GNOME Bugzilla – Bug 651942
DispatchNotifier tries to dereference destroyed Dispatcher
Last modified: 2012-05-31 14:05:06 UTC
Consider the following scenario: 1) Thread A constructs (first) Dispatcher object, which leads to construction of per-thread-singleton DispatchNotifier 2) Thread A connects 1. dispatcher to a slot 3) Thread A constructs another Dispatcher, which gets pointer to the already existing instance of DispatchNotifier 4) Thread A connects 2. dispatcher to a slot 5) Thread B calls emit() few times on A's 1. dispatcher 6) Thread C calls emit() few times on A's 2. dispatcher 7) Thread A destroys one of its Dispatchers with the possibility of leaving undelivered messages in DispatchNotifier's pipe (and DispatchNotifier continues to live since there is another Dispatcher referencing it) 8) DispatchNotifier::pipe_io_handler() is called where message from now destroyed Dispatcher is read from the pipe; since the message contains pointer to that Dispatcher and DispatchNotifier dereferences it, SEGFAULT follows Quick and dirty solution: Add std::set into the DispatchNotifier with pointers to valid Dispatchers. Registration / deregistration occurs in Dispatcher 'ctors via (un)reference_instance.
Bump.
Daniel Elstner (CCed) might be interested, but even he probably needs a simple-as-possible test case.
Created attachment 193428 [details] Test case
All right, I have created quite simple test case. I hope that it is, together with the former bug report and the comments inside, comprehensible enough.
Ok, are we going to do something about this issue? I've googled for "pipe_io_handler crash" and looks that I'm not the only one having problems - for example see this 4 years old post: http://lists-archives.org/gtk/06593-how-to-clear-pending-events.html
Daniel, are you interested in looking at Petr's test case in comment #3?
Fine, this is my last attempt. If nothing happens, I am going to give up on this and just use my patched version of Glib::Dispatcher.
(In reply to comment #7) > If nothing happens, I am going to give up on > this and just use my patched version of Glib::Dispatcher. You have a patch for Glib::Dispatcher to fix this problem?
(In reply to comment #8) > (In reply to comment #7) > > If nothing happens, I am going to give up on > > this and just use my patched version of Glib::Dispatcher. > > You have a patch for Glib::Dispatcher to fix this problem? Yes, see http://nohous.cz/gitweb/?p=bwfembed2/.git;a=blob;f=src/dispatcher2.h;h=70c70b782a67eec09649311d1189179940a089bf;hb=HEAD and http://nohous.cz/gitweb/?p=bwfembed2/.git;a=blob;f=src/dispatcher.cpp;h=33b9b583a5575d334e740ba6a01920297f1bfa6d;hb=HEAD
But as I stated in the former report, it's a quick and dirty solution. If the memory gets reused for another dispatcher, you are delivering messages of the old dispatcher to handlers of a new one.
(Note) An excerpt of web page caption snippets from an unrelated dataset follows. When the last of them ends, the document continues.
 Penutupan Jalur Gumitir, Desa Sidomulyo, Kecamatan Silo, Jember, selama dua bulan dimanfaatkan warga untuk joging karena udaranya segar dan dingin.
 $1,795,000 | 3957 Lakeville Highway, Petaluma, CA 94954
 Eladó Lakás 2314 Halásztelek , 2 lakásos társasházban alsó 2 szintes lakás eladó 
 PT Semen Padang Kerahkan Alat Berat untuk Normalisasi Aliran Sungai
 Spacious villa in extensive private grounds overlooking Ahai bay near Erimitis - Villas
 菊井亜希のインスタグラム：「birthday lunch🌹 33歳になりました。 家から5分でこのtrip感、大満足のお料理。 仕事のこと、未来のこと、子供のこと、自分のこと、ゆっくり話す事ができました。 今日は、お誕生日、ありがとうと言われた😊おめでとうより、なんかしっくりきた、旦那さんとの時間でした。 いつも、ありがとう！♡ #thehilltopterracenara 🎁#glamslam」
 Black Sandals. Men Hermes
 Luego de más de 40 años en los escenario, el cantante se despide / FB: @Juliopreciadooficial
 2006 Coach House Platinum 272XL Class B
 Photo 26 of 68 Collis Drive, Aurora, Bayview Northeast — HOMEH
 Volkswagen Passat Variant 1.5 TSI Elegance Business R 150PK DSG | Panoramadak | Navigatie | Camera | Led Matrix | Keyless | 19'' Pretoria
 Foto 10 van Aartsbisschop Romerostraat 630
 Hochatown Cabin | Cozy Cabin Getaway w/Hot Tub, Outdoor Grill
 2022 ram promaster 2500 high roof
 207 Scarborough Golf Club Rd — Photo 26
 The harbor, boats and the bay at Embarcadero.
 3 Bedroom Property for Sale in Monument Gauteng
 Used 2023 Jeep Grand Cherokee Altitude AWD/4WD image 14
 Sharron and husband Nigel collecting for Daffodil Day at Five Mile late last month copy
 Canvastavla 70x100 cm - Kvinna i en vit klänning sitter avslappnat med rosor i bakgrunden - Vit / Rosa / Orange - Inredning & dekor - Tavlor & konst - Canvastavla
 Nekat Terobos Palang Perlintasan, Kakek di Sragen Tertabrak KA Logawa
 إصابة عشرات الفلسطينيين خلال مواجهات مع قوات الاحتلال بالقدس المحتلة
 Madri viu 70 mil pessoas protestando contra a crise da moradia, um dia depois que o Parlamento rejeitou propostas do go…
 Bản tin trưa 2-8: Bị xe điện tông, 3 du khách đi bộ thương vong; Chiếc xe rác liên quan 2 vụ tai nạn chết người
OK, but could you attach an actual patch, even if it's just for explanation.
Allright, I will post it later today.
Created attachment 209501 [details] Test case 1 An updated version of the test case in comment 3. Uses classes in namespace Glib::Threads. I've also removed the dependence on Boost.
Created attachment 209502 [details] Test case 2 The Dispatcher2 class, linked to in comment 9, contains these lines in DispatchNotifier::pipe_io_handler(): // we don't emit directly since no more dispatcher events are processed // if nested main loop is called from signal handler (don't know why) context_->signal_idle().connect_once( sigc::mem_fun(data.dispatcher->signal_, &sigc::signal<void>::emit)); //emit Why would the signal handler start a nested main loop? It's not as far-fetched as you might think. It happens if the signal handler shows a modal dialog box, as demonstrated by this test case. It's a highly modified version of the dialogs/messagedialog example program in the gtkmm tutorial. The reason dispatcher events are not processed while a nested main loop is running, is that pipe_io_handler() is connected to an IOSource event source, and event sources are created with Source::get_can_recurse() == false. pipe_io_handler() will not be called again before the previous call has returned. The solution in Dispatcher2 is to create a new event source from which the signal handler is called. An alternative, and in my opinion better, solution is to call Source::set_can_recurse(true).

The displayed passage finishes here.